What are Byproducts?
Few words on the average pet food bag evoke disdain and disgust like the word “byproducts.” But is the fear and loathing deserved? What are byproducts, exactly? The definition published by the American Association of Feed Control Officials (AAFCO) is not particularly helpful:
“Secondary products produced in addition to the principal product.”
This definition is broad and not very useful. More specific terms are generally used on pet food labels, and the definitions are regulated.
“Meat Byproducts are the non-rendered, clean parts, other than meat, derived from slaughtered mammals. It includes, but is not limited to, lungs, spleen, kidneys, brain, livers, blood, bone, partially de-fatted low temperature fatty tissue and stomachs and intestines freed of their contents.
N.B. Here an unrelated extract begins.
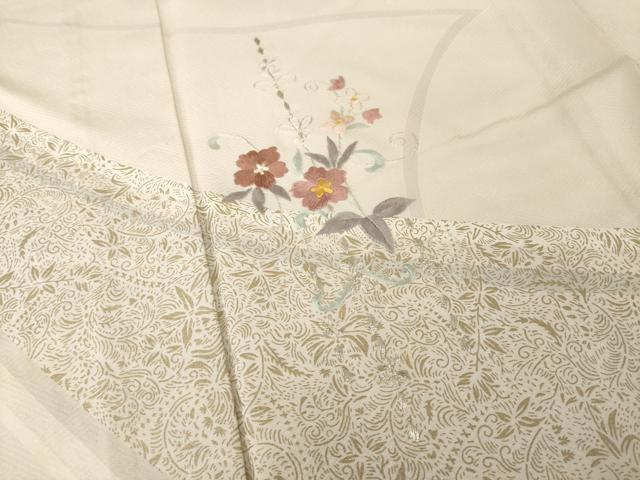 平和屋着物▽訪問着 単衣 刺繍 飾花文 金彩 銀糸 正絹 逸品 AABG7620ck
It does not include hair, horns, teeth and hoofs.” Unless the byproducts are derived from cattle, pigs, sheep, or goats, the source must be named.
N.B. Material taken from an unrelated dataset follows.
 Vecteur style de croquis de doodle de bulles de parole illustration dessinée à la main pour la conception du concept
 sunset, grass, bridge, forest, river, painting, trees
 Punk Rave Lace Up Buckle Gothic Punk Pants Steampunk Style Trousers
It’s worth noting that indigestible parts of the animal like hair and hoofs are not included in this definition. Although some ingredients, such as lungs and udders, are not considered “edible” for human consumption by the USDA, these types of meat may be very appetizing for dogs and cats. Remember, that this definition of “edible” is based on US standards of consumption. People in other countries often make use of these ingredients in their food, and some are considered delicacies.
Unlike meat byproducts, poultry byproducts may contain the head and feet.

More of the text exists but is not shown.